Hide Forgot
rhel-osp-director: 9.0 After minor update (includes rhel7.2->rhel7.3 switch) + reboot of overcloud nodes, ceph OSDs are down. Environment: openstack-tripleo-heat-templates-2.0.0-35.el7ost.noarch instack-undercloud-4.0.0-14.el7ost.noarch openstack-puppet-modules-8.1.8-2.el7ost.noarch Steps to reproduce: 1. Deploy overcloud (rhel7.2). 2. Minor update the setup and reboot all nodes (switched to rhel7.3 with the update) 3. Run against overcloud: glance image-create --name cirros --disk-format qcow2 --container-format bare --file /home/stack/cirros-0.3.3-x86_64-disk.img Result: Error finding address for http://10.19.184.180:9292/v1/images: Unable to establish connection to http://10.19.184.180:9292/v1/images [heat-admin@overcloud-cephstorage-0 ~]$ sudo -i [root@overcloud-cephstorage-0 ~]# ceph status cluster be987e18-713b-11e6-bf5c-5254003ec993 health HEALTH_WARN 192 pgs degraded 192 pgs stale 192 pgs stuck degraded 192 pgs stuck stale 192 pgs stuck unclean 192 pgs stuck undersized 192 pgs undersized 2/2 in osds are down monmap e1: 3 mons at {overcloud-controller-0=10.19.95.15:6789/0,overcloud-controller-1=10.19.95.13:6789/0,overcloud-controller-2=10.19.95.11:6789/0} election epoch 10, quorum 0,1,2 overcloud-controller-2,overcloud-controller-1,overcloud-controller-0 osdmap e16: 2 osds: 0 up, 2 in pgmap v86: 192 pgs, 5 pools, 0 bytes data, 0 objects 9717 MB used, 826 GB / 873 GB avail 192 stale+active+undersized+degraded Note: manually running /etc/init.d/ceph start on ceph nodes resolves the situation. Expected result: The OSDs should be UP upon reboot.
Reproduced.
hi Alexander, is 'sudo chkconfig --list ceph' reporting ceph as enabled on boot on the ceph storage nodes?
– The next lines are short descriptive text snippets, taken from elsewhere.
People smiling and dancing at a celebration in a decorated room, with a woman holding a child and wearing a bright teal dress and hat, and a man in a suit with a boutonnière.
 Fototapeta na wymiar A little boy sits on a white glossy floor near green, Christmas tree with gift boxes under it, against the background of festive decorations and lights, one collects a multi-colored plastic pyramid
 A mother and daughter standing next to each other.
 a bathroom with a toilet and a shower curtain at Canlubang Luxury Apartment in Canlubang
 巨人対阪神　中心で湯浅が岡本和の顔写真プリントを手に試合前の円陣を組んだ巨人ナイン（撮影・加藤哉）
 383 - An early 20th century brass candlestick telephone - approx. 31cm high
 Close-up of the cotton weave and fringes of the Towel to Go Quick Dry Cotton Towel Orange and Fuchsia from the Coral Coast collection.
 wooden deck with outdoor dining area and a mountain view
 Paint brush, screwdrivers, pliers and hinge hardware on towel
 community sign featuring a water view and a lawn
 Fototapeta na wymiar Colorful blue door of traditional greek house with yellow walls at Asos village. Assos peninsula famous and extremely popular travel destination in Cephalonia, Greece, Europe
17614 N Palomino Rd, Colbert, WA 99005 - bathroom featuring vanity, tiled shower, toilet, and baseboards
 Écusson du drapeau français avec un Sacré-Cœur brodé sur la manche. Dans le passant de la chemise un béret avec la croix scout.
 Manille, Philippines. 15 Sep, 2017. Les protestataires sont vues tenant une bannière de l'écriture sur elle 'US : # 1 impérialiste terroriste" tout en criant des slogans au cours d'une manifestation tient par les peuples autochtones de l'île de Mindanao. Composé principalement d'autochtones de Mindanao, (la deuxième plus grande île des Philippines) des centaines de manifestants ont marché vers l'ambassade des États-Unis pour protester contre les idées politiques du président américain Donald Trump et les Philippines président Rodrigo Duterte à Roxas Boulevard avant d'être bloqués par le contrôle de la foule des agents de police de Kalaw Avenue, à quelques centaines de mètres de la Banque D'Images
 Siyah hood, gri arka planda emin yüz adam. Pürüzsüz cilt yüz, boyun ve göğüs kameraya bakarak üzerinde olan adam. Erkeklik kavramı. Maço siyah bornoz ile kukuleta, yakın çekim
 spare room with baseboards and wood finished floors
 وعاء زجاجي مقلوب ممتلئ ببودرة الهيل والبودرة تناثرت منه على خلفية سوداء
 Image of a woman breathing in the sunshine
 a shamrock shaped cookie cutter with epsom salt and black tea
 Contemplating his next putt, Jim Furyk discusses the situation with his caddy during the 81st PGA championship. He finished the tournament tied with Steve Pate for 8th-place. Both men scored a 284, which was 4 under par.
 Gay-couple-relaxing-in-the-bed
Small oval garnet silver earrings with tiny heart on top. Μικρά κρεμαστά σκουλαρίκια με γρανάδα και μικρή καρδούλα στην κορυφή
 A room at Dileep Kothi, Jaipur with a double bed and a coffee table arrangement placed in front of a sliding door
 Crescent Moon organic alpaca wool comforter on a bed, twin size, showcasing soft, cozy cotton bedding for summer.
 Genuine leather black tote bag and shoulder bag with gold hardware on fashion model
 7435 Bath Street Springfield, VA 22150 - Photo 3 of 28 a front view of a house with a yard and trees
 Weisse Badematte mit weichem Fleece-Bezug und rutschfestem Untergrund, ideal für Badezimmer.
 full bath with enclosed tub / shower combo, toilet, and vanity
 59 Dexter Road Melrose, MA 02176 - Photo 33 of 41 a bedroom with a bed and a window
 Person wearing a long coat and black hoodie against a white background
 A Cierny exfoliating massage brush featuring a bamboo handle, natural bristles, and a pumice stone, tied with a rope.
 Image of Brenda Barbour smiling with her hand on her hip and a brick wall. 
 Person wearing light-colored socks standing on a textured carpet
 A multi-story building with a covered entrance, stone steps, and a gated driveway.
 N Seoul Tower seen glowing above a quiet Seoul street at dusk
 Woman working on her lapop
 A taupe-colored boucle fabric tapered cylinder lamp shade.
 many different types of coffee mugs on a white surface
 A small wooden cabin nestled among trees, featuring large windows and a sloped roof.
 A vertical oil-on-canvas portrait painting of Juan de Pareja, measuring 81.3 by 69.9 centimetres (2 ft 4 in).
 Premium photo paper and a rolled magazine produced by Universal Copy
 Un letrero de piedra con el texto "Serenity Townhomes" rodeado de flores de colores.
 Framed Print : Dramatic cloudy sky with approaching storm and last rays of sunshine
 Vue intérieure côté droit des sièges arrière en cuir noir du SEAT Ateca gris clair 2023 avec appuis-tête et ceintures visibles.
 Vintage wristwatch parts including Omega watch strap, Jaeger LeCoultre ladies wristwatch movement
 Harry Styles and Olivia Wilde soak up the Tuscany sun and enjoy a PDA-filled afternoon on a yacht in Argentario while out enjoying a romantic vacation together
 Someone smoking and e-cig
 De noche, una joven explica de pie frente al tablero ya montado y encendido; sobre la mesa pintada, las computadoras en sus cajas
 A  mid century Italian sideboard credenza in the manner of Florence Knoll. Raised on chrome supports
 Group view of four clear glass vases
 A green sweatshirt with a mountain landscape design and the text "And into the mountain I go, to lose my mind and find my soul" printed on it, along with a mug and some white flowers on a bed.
Hi Gioulio, yes - it's enabled. [stack@undercloud72 ~]$ ssh heat-admin.0.8 "sudo chkconfig --list ceph" Note: This output shows SysV services only and does not include native systemd services. SysV configuration data might be overridden by native systemd configuration. If you want to list systemd services use 'systemctl list-unit-files'. To see services enabled on particular target use 'systemctl list-dependencies [target]'. ceph 0:off 1:off 2:on 3:on 4:on 5:on 6:off
From my tests, rebooting a cephstorage node after it has been upgraded to RHEL 7.3 is not an issue. The ceph-osd is started on boot and it re-joins the cluster as long as the Ceph monitors remain available Upon restart, ceph-osd will try to reach one of the monitors for 1 minute, after which if it couldn't it will terminate itself. My understanding is that if controller and cephstorage nodes are rebooted roughly around the same time, it is possible that none of the Ceph monitors is available when the Ceph OSDs are attempting to start, causing them to terminate. Alexander, can you confirm that by rebooting the cephstorage nodes only all the OSDs are brought back up? I will also check if it is possible and feasible to increase the wait time of the OSDs.
Might be Documentation only - reboot in particular order (following the same process as update steps). Sasha will verify and if works, please send to doc_text.
This could be hit if all nodes went down at the same time, in which case if the Ceph OSDs start before the MONs, they will terminate themselves after a 1min timeout. It should be sufficient to attempt a manual start the ceph-osd systemd units manually after the MONs are available. For example, to restart the osd.0 instance, login on the node hosting the osd.0 and run the following as root: systemctl restart ceph-osd@0 As an alternative, the cephstorage nodes can be rebooted after MONs are available.
(In reply to Jaromir Coufal from comment #10) > Might be Documentation only - reboot in particular order (following the same > process as update steps). Sasha will verify and if works, please send to > doc_text. (In reply to Giulio Fidente from comment #12) According to comment #12 in case of power-outage we can manually start the ceph-osd systemd units. this issue is going to be documented. I'm removing the blocker flag and lower Priority /Severity.
Yeah, so I can confirm that after seeing this issue, I simply rebooted the ceph osd nodes and upon return all the OSDs were up.